The company said that it plans to take a $150 million charge in order to de-prioritize games that aren’t doing as well. Activision Blizzard will cut about 750 jobs. The company had just under 10,000 employees at the beginning of last year. At the same time, the company said that it planned to increase the number of developers for its most popular games by 20%.

Although the company posted record sales in the fourth quarter and in all of 2018, CEO Robert Kotick noted that the company’s performance nevertheless failed to live up to the company’s expectations.

“We didn’t execute as well as we hoped to in 2018, and our current outlook for 2019 falls below what is possible in an industry filled with growth opportunities,” Kotick said on a conference call with analysts. “We didn’t achieve the reach, engagement and player investment goals we set for ourselves.”

The company expects 2019 to be a transition year, predicting that it won’t grow in-game sales as quickly as it had hoped. Kotick said the company will have to make significant changes to achieve its long-term goals, including some back-office support staff reductions, laying off staff at some poorly performing games and focus more on live, streaming game experiences for customers.

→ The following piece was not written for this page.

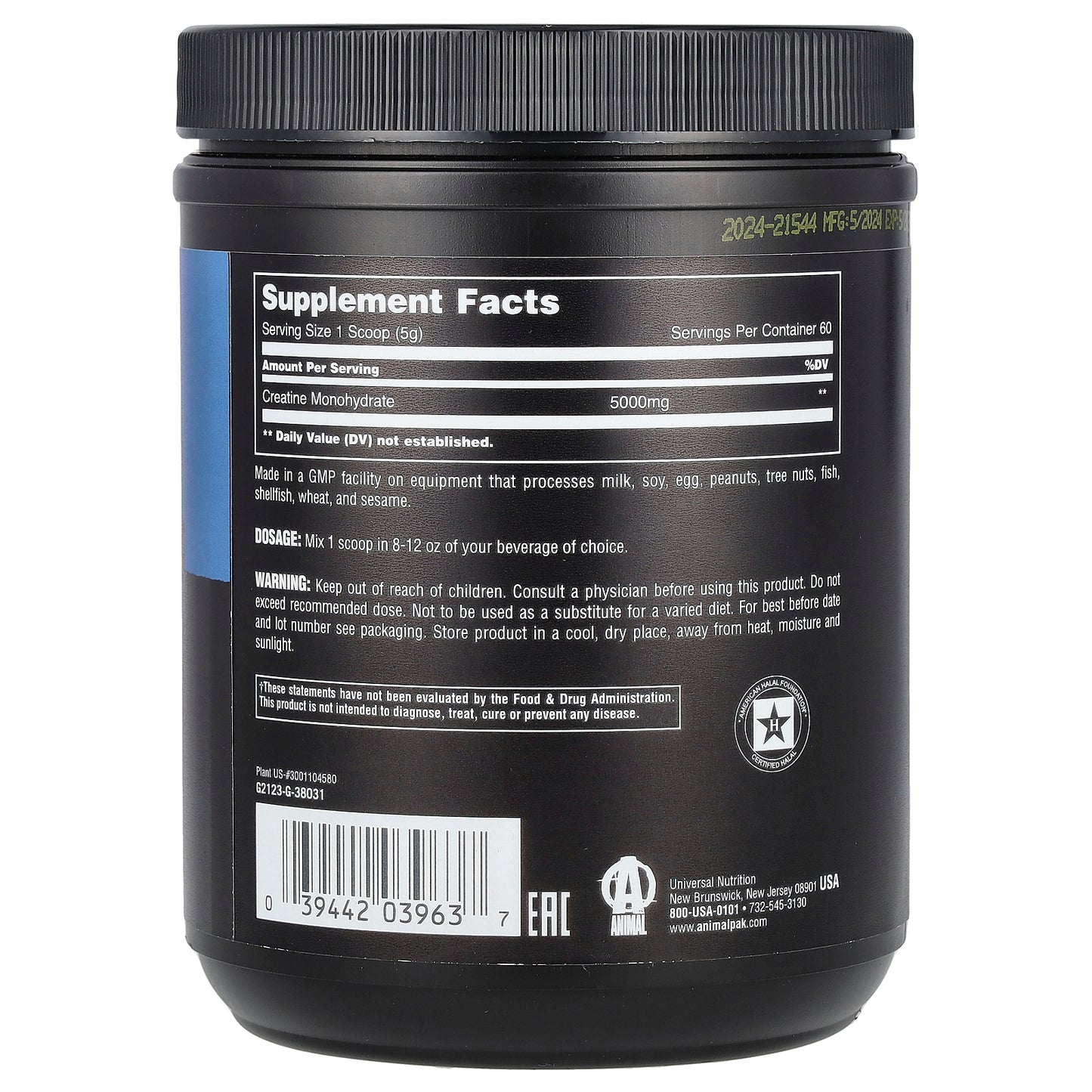 Animal, 100% Pure Creatine Monohydrate™ Powder, Unflavored, 10.58 oz (300 g)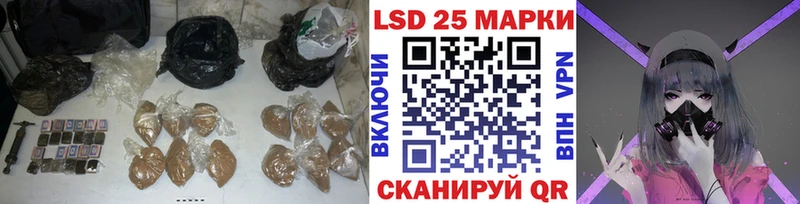 Лсд 25 экстази ecstasy  наркошоп  Туринск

Activision Blizzard (ATVI), which owns the “Call of Duty,” “World of Warcraft” and “Overwatch” franchises, isn’t the only gaming company that has struggled to keep up with the surging interest in free multiplayer games, including Fortnite. But it has been hit harder than competitors Electronic Arts and Take-Two Interactive.

EA (EA) reported poor results last week that caused the stock to plunge 16% at one point. But shares have surged in the past few days thanks to the strong debut of Apex Legends, a free game that is similar to Fortnite. EA (EA)’s stock is now up more than 30% this year.

Take-Two Interactive (TTWO) also disappointed investors with a weak outlook, but that company still had a big hit during the holidays with its latest Red Dead Redemption game.

Activision Blizzard, meanwhile, hasn’t given its shareholders much good news lately. The company announced earlier this year that it was ending its relationship with the developer behind the successful “Destiny” game franchise. That news caused the stock to fall 9%.

“This industry is very hit driven, perhaps more than ever, and the hits are harder and harder to come by,” said Scott Kessler, an analyst with CFRA. “Activision doesn’t seem to have a big game right now.”

Kessler added that some of the company’s biggest investments may also be backfiring. Activision Blizzard acquired King Digital, the maker of Candy Crush Saga, for nearly $6 billion in 2016. But that game’s popularity has waned in recent years.

The company also lost some high profile executives this year, including former chief financial officer Spencer Neumann. He joined Netflix (NFLX) as its CFO in early January.

Just a few days later, the CFO of Activision’s Blizzard Entertainment subsidiary, Amrita Ahuja, left to become the CFO of Square (SQ), the mobile payments company. Blizzard co-founder Michael Morhaime is also leaving Activision in April.

The Activision Blizzard reorganization was announced in conjunction with the company’s latest earnings. Activision Blizzard’s sales and profit rose in the fourth quarter, but the company issued sales and earnings guidance for the first quarter that was below estimates. Wall Street analysts are also expecting a slight drop in earnings and revenue this year.

Activision Blizzard’s stock was up about 1% after hours Tuesday. Shares are down more than 10% this year.